Der Unterschied zwischen „Splitter“ und „Balken“ in Matthäus 7,3 ist bewusst gewählt und kein Zufall.
1. Der Text selbst
Der griechische Urtext (Mt 7,3) lautet:
Τί δὲ βλέπεις τὸ κάρφος τὸ ἐν τῷ ὀφθαλμῷ τοῦ ἀδελφοῦ σου, τὴν δὲ δοκὸν ἐν τῷ σῷ ὀφθαλμῷ οὐ κατανοεῖς;
- kárphos (κάρφος) = „Splitter“, „Strohhalm“, „Stäubchen“.
- dokós (δοκός) = „Balken“, „Dachbalken“, ein massives Holzstück, das als tragende Konstruktion dient.
Es ist also ein bewusster Gegensatz zwischen etwas extrem Kleinem und etwas extrem Großem.
2. Warum dieser Gegensatz?
- Hyperbel / Übertreibung:Jesus arbeitet oft mit übersteigerten Bildern, um eine Wahrheit einprägsam zu machen (Mt 5:29-30 / Mt 19:24). Ein Splitter im Auge ist schon schlimm genug – ein Balken im Auge ist aber völlig absurd und unmöglich. Gerade dadurch wird das Bild unvergesslich.→ Der Zuhörer soll innerlich lachen oder erschrecken und sich fragen: „Wie kann jemand mit einem ganzen Balken im Auge herumrennen und dann andere korrigieren wollen?"
- Heuchelei aufdecken:Jesus kritisiert in Mt 7 nicht das „Helfen" an sich, sondern die Selbstgerechtigkeit (Lk 18:9-14 / Mt 23:23-28). Jemand sieht winzige Fehler beim anderen (Splitter), bleibt jedoch blind für die eigenen massiven Probleme (Balken). Diese Diskrepanz offenbart die Heuchelei. Es ist geradezu symptomatisch, wie Menschen mit einem "Fehlersuchprogramm" auf andere losgehen und jede Kleinigkeit beanstanden, während sie selbst – ohne es zu bemerken – unter Hochmut leiden, was in Gottes Augen weitaus schwerwiegender ist als alltägliche "Fehler" (Jak 4:6 / Spr 16:5).

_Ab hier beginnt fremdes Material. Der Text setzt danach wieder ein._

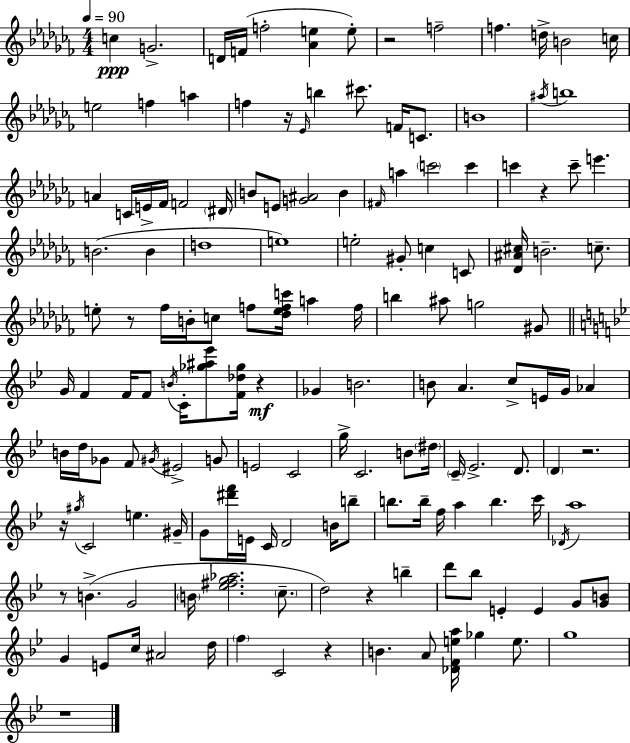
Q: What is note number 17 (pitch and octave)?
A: B5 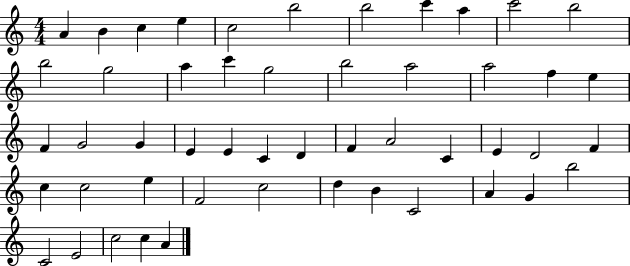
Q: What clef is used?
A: treble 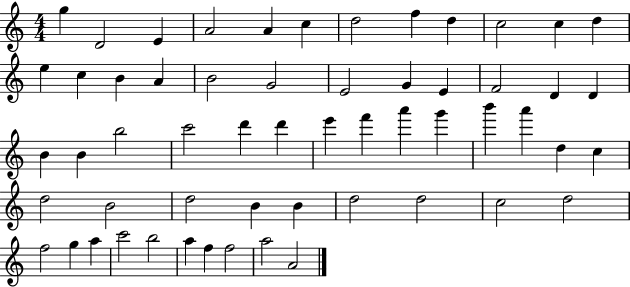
G5/q D4/h E4/q A4/h A4/q C5/q D5/h F5/q D5/q C5/h C5/q D5/q E5/q C5/q B4/q A4/q B4/h G4/h E4/h G4/q E4/q F4/h D4/q D4/q B4/q B4/q B5/h C6/h D6/q D6/q E6/q F6/q A6/q G6/q B6/q A6/q D5/q C5/q D5/h B4/h D5/h B4/q B4/q D5/h D5/h C5/h D5/h F5/h G5/q A5/q C6/h B5/h A5/q F5/q F5/h A5/h A4/h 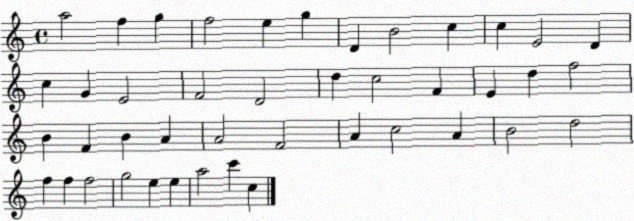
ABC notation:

X:1
T:Untitled
M:4/4
L:1/4
K:C
a2 f g f2 e g D B2 c c E2 D c G E2 F2 D2 d c2 F E d f2 B F B A A2 F2 A c2 A B2 d2 f f f2 g2 e e a2 c' c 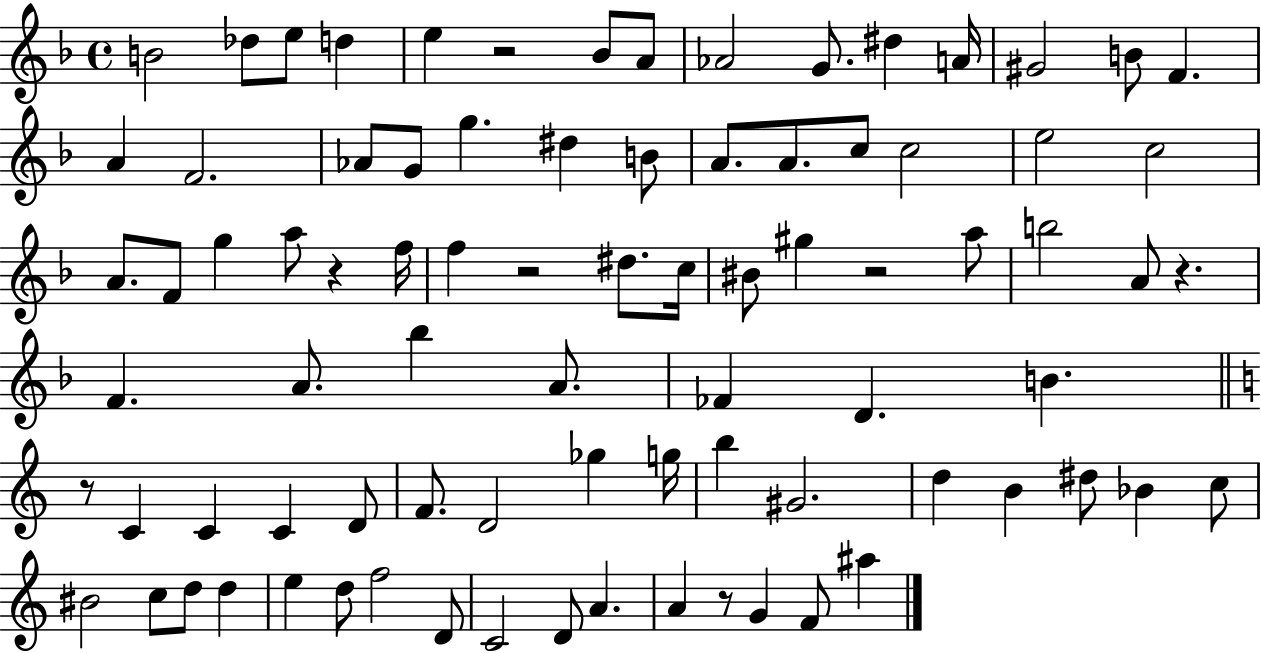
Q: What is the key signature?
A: F major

- Perspektive und Blindheit:Der Splitter beim Bruder ist oft kaum sichtbar, der Balken im eigenen Auge jedoch sollte offensichtlich sein. Dass man ihn „nicht wahrnimmt", zeigt: Schuld kann uns gegenüber uns selbst blind machen, während wir die Fehler anderer übergroß wahrnehmen (Ps 36:3 / Jer 17:9).
3. Warum nicht einfach „Splitter und Splitter"?
Wenn Jesus gesagt hätte: „Du siehst den Splitter deines Bruders, aber den Splitter in deinem eigenen Auge nicht", wäre die Wirkung abgeschwächt:
- Es wäre ein Bild für gegenseitige Kleinlichkeit, nicht für Heuchelei.
- Die absurde Diskrepanz zwischen winzig und riesig würde fehlen.
- Das Bild würde nicht so stark auf die Selbsttäuschung hinweisen (1Jo 1:8 / Offb 3:17).
4. Wirkung für die Hörer
Für die damaligen Zuhörer war ein Balken (dokós) ein riesiges, unverrückbares Stück Holz – z.B. aus der Zimmermannsarbeit oder beim Dachbau. Dass jemand so etwas im Auge haben könnte, war grotesk. Genau diese Übertreibung bringt Jesu Lehre auf den Punkt (Mt 23:24):
Dein eigenes Problem ist unvergleichlich größer – und trotzdem stürzt du dich auf die Kleinigkeit beim anderen.
👉 Fazit: Jesus wählt „Balken" statt „Splitter", um durch einen scharfen Kontrast Heuchelei und Selbstgerechtigkeit bloßzustellen (Ps 139:23-24 / Mt 5:3). Die Hyperbel macht die Aussage einprägsam, entlarvend und fast karikaturhaft.